We can now pose the problem mathematically 
and solve it using equation (\ref{FP-k}).
Let us imagine that at some initial time $\tau=0$
(in our analysis -- the beginning of the hadronic phase)
 the probability
distribution for each harmonic $f_k$ is given by a Gaussian with
a mean square variance $\<f_k^2\>=\sigma_k^2$. What happens to
this probability distribution with time? Substituting the Gaussian
Ansatz
\begin{equation}
P_k[f_k] = (2\pi\sigma^2_k(\tau))^{-1/2} \exp\left\{-{
f_k^2\over 2\sigma^2_k(\tau)}\right\} ,
\end{equation}
one sees that
equation (\ref{FP-k}) preserves the Gaussian shape of the
probability distribution. The evolution of the distribution can
therefore be described by the evolution of $\sigma_k(\tau)$. The
equation for $\sigma_k(\tau)$ following from (\ref{FP-k})
is given by
\begin{equation}\label{dtausigma}
{\d_\tau}\sigma_k^2 = -2\gamma\, k^2 (\sigma_k^2 - \chi_k),
\end{equation}
with the solution:
\begin{equation}\label{sigma(tau)}
\sigma_k^2(\tau) = \chi_k + (\sigma_k^2(0) - \chi_k)
\exp\left\{-2 k^2 \int_0^\tau \gamma\,d\tau\right\}.
\end{equation}
For simplicity, we neglected the dependence of $\chi_k$ on $\tau$ in the
hadronic phase. Obviously, eq. (\ref{dtausigma})
can be solved for arbitrary $\chi_k(\tau)$, if one is given.
In this paper we apply eq. (\ref{dtausigma}) to
an idealized scenario, in which $\chi_k$
changes abruptly at the QGP-to-hadron-gas transition, and
see how the charge fluctuation magnitude relaxes to its hadron gas
equilibrium value. Eq. (\ref{sigma(tau)}) demonstrates explicitly
that, due to the local conservation of charge, harmonics with small $k$
relax very slowly. Using eq. (\ref{gamma}),
the exponent in (\ref{sigma(tau)}) can be also written as
$k^2 (\Delta y_{\rm diff})^2$, where
\begin{equation}\label{delta-diff}
(\Delta y_{\rm diff})^2 \equiv
2 \int_0^\tau \gamma\,d\tau
= \int_0^\tau (\delta y_{\rm coll})^2\, {d\tau\over\tau_{\rm
free}}\,
%= k^2 (\Delta y_{\rm diff})^2\ ,
%(\delta y_{\rm coll})^2 N_{\rm coll}, 
\end{equation}
is the mean distance
on which a charged particle diffuses during the time $\tau$.

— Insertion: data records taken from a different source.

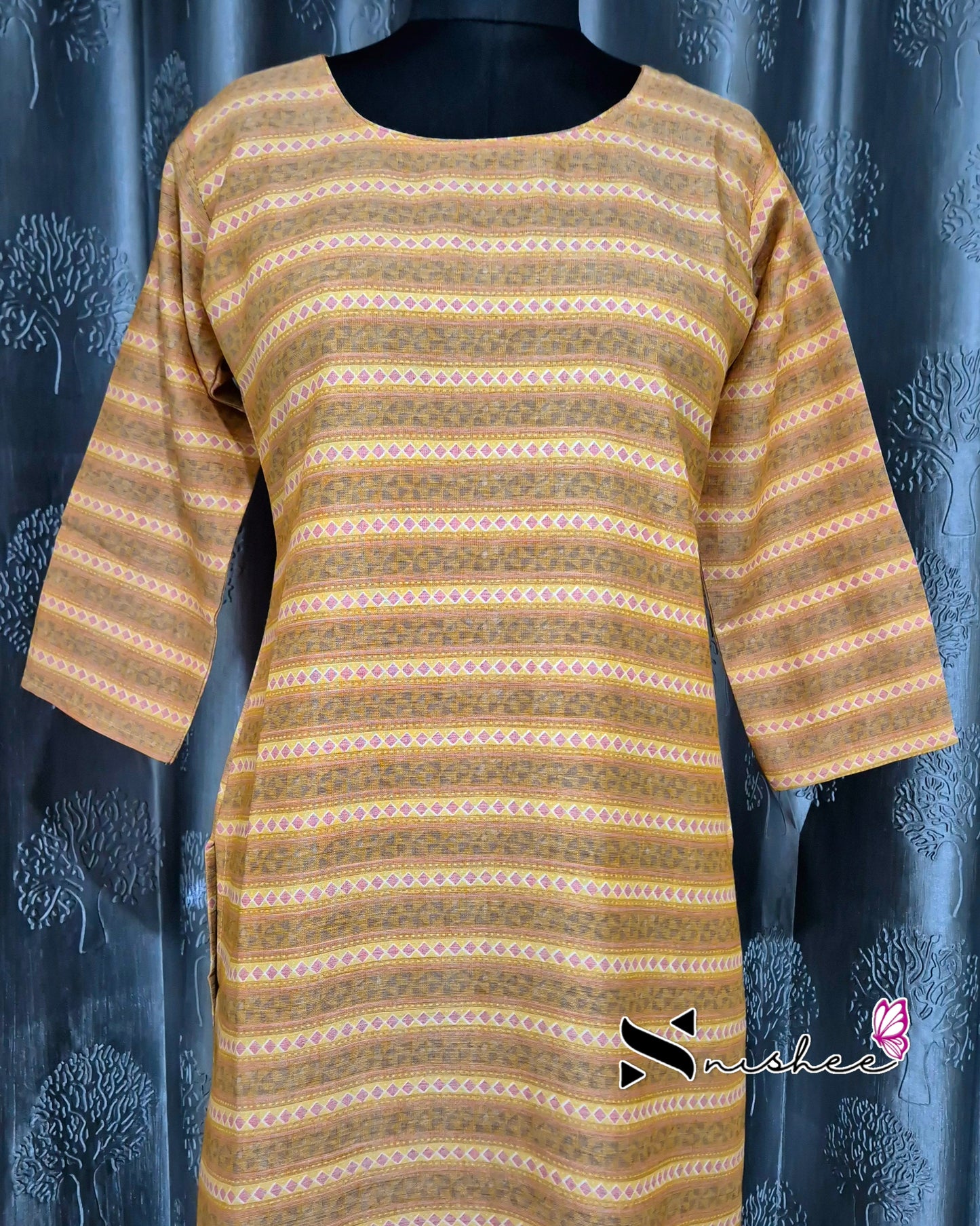 Orange Horizontal Striped Kurti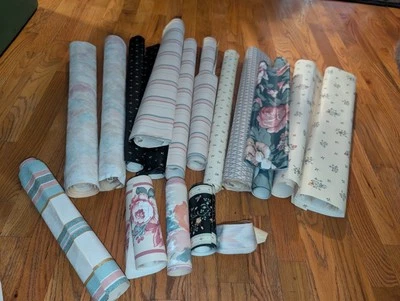 Lote de 13+ restos florales vintage de papel tapiz borde años 70 años 80 años 90 Foto 1 de 4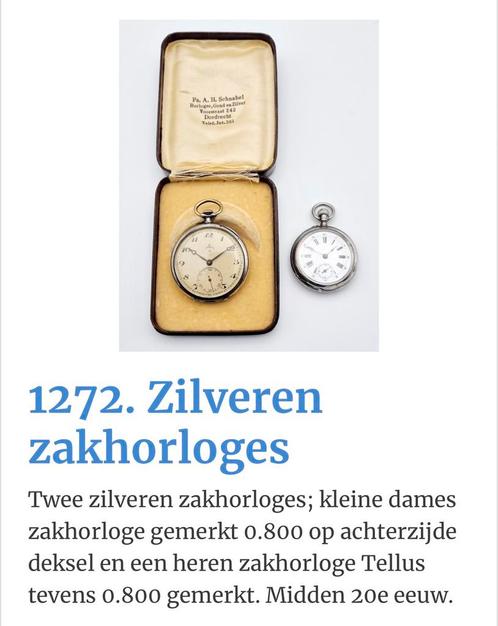 Zilveren zakhorloges, Antiek en Kunst, Antiek | Goud en Zilver, Zilver, Ophalen of Verzenden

\subsection{Relaxation in a rapidity window}



In experiment one is measuring the event-by-event 
fluctuation of charge, 
\begin{equation}
Q=\int_{y_1}^{y_2} n\,dy,
\end{equation}
in an interval of rapidity, $[y_1,y_2]$.
This fluctuation, $\Delta Q=Q-\<Q\>$,
 can be written as a weighted sum of the
fluctuations of the Fourier components $f_k$:
\begin{equation}\label{DeltaQck}
\< (\Delta Q)^2 \> = \int {dk\over2\pi}\ |c_k|^2\, \<f_k^2\> = 
\int {dk\over2\pi}\ c_k^2\, \sigma^2_k(\tau).
\end{equation}
The weight is determined by the Fourier harmonics, $c_k$, of the
function equal to unity  for $y\in[y_1,y_2]$ and zero
otherwise, i.e.,
\begin{equation}\label{ck}
|c_k|^2 = {\sin^2(k\Delta y/2)\over (k/2)^2}\ , 
\qquad (\Delta y\equiv y_2-y_1).
\end{equation}
The main contribution is from
harmonics with $k\sim 1/\Delta y$ and smaller. 
Equations (\ref{sigma(tau)}) and (\ref{DeltaQck}) determine the evolution
of the magnitude of the fluctuation $\< (\Delta Q)^2 \>$.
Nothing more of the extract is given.